◆ Task item ◆
The reply consists of one number only: how many lines in the listing below contain the word "Source".
————
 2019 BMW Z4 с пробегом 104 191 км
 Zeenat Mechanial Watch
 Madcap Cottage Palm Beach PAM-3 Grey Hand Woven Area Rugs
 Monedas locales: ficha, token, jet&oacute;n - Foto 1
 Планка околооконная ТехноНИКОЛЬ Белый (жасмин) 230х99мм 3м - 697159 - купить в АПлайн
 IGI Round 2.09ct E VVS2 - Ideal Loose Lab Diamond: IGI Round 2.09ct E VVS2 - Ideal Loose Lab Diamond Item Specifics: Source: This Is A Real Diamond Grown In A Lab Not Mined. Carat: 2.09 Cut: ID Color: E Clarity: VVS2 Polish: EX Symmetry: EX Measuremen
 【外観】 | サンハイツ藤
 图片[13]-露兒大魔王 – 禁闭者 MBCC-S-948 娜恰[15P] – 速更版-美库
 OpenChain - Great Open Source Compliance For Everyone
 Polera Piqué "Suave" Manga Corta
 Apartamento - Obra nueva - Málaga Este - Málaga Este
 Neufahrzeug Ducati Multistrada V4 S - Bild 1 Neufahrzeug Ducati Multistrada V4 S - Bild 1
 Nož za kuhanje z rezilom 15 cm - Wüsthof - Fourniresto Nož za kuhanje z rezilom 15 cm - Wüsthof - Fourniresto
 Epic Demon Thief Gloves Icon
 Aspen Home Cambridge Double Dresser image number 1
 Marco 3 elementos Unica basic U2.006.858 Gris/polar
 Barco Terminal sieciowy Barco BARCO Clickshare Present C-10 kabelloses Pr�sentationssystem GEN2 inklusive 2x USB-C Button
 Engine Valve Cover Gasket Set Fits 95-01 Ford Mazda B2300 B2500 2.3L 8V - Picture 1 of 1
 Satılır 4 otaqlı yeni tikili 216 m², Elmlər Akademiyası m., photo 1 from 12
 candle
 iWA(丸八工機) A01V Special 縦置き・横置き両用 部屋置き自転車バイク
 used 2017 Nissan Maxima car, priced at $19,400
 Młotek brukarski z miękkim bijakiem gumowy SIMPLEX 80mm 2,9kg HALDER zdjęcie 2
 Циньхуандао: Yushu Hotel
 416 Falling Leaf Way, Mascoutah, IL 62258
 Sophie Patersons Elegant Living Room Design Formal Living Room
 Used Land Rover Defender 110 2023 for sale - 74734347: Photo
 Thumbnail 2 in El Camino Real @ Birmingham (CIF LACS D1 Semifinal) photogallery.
————
◆ Output for this exercise ◆
2